• **Task to complete**:
Between the line containing "3303 Dunwood Ridge Terrace photo 36" and the line containing "Incendio en depósito" lies a run of lines; give that run again exactly, with both of those lines, and nothing else from the entries below.

• **Recorded data**:
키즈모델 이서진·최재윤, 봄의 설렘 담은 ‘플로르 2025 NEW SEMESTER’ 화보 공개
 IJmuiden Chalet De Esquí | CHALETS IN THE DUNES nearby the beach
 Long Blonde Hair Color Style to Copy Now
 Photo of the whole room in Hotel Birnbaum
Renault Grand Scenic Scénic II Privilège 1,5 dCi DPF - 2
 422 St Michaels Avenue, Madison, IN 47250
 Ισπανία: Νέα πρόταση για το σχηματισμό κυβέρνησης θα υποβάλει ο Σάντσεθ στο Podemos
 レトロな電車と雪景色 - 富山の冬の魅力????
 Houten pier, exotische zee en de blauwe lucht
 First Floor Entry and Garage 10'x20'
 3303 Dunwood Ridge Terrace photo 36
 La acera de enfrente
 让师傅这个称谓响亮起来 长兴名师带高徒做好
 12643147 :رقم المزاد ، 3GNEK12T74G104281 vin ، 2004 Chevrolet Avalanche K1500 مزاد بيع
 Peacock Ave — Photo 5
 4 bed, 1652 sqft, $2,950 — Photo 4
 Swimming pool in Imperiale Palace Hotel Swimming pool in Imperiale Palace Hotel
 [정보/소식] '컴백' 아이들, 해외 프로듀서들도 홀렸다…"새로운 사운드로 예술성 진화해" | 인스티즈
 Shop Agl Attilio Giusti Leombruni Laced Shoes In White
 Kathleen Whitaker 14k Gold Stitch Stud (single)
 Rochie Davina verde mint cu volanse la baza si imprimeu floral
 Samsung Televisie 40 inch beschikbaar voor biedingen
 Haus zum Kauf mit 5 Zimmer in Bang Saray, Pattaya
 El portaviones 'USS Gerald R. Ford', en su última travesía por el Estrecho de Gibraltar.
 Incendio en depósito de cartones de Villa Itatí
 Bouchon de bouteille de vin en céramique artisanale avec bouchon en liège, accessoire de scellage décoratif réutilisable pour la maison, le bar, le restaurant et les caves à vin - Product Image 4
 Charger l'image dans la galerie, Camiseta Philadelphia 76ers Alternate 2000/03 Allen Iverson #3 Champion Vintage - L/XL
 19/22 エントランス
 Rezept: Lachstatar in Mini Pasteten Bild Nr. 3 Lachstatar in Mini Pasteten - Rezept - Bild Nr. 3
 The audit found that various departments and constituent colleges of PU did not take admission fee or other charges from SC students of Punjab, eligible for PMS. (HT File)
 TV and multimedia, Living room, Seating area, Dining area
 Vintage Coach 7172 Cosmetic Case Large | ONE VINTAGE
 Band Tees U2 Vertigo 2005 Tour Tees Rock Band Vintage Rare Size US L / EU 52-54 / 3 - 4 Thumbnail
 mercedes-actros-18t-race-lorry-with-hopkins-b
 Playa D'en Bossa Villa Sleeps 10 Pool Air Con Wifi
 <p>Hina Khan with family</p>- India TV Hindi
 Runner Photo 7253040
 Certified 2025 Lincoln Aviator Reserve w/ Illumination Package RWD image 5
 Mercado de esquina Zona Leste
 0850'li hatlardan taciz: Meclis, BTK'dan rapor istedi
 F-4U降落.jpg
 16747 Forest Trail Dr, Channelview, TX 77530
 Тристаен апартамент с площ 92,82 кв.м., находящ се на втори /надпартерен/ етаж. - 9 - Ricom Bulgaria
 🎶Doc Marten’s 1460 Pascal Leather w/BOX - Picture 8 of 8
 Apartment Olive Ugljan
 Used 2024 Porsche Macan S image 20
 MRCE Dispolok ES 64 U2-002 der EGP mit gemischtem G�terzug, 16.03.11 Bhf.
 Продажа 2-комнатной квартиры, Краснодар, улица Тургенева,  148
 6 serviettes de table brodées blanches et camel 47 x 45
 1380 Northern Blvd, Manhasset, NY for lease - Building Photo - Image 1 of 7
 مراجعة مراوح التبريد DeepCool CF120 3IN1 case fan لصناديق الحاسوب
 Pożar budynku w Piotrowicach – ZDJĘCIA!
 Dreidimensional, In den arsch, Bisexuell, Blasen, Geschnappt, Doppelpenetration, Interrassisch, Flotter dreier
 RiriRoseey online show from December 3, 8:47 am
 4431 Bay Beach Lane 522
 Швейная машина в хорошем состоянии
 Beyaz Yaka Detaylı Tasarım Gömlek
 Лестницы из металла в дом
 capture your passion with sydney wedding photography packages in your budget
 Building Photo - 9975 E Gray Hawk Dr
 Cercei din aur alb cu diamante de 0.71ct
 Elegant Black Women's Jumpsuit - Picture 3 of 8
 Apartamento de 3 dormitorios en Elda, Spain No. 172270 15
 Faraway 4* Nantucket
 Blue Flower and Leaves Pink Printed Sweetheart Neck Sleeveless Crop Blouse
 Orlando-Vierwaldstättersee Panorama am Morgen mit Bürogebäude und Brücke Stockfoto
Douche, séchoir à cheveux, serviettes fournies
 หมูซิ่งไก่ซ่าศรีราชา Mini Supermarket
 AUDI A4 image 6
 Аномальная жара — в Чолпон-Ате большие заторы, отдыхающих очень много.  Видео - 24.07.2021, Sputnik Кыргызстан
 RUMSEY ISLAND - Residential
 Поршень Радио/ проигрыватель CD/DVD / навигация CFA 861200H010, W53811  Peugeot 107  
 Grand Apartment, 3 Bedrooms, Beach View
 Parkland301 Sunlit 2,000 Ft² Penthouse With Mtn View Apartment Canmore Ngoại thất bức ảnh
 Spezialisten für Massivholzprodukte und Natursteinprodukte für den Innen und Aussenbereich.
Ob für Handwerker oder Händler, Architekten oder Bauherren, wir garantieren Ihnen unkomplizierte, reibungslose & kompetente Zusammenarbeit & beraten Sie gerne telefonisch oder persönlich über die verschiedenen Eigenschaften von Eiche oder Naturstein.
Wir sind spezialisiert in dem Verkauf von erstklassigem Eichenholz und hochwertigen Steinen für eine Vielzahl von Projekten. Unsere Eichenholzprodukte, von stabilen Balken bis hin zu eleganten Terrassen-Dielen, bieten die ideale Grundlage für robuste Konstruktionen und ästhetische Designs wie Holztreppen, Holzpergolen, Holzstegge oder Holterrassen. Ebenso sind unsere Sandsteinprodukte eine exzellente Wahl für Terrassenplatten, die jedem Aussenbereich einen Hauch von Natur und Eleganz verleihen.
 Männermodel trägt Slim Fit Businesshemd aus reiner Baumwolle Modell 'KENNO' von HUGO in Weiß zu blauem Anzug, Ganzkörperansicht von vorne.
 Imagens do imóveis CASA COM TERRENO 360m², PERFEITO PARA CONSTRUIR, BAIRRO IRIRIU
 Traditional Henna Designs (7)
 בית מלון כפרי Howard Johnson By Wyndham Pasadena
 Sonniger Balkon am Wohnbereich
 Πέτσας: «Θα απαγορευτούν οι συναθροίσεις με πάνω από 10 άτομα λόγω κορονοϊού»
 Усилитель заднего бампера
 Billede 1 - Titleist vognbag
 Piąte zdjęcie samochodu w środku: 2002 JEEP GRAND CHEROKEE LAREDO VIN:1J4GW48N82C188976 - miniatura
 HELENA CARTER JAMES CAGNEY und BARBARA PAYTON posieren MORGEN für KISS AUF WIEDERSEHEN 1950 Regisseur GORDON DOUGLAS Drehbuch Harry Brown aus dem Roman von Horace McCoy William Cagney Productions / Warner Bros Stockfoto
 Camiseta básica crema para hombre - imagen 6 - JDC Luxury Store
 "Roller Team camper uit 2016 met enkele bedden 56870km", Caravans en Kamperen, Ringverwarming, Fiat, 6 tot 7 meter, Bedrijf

• **Reply**:
 3303 Dunwood Ridge Terrace photo 36
 La acera de enfrente
 让师傅这个称谓响亮起来 长兴名师带高徒做好
 12643147 :رقم المزاد ، 3GNEK12T74G104281 vin ، 2004 Chevrolet Avalanche K1500 مزاد بيع
 Peacock Ave — Photo 5
 4 bed, 1652 sqft, $2,950 — Photo 4
 Swimming pool in Imperiale Palace Hotel Swimming pool in Imperiale Palace Hotel
 [정보/소식] '컴백' 아이들, 해외 프로듀서들도 홀렸다…"새로운 사운드로 예술성 진화해" | 인스티즈
 Shop Agl Attilio Giusti Leombruni Laced Shoes In White
 Kathleen Whitaker 14k Gold Stitch Stud (single)
 Rochie Davina verde mint cu volanse la baza si imprimeu floral
 Samsung Televisie 40 inch beschikbaar voor biedingen
 Haus zum Kauf mit 5 Zimmer in Bang Saray, Pattaya
 El portaviones 'USS Gerald R. Ford', en su última travesía por el Estrecho de Gibraltar.
 Incendio en depósito de cartones de Villa Itatí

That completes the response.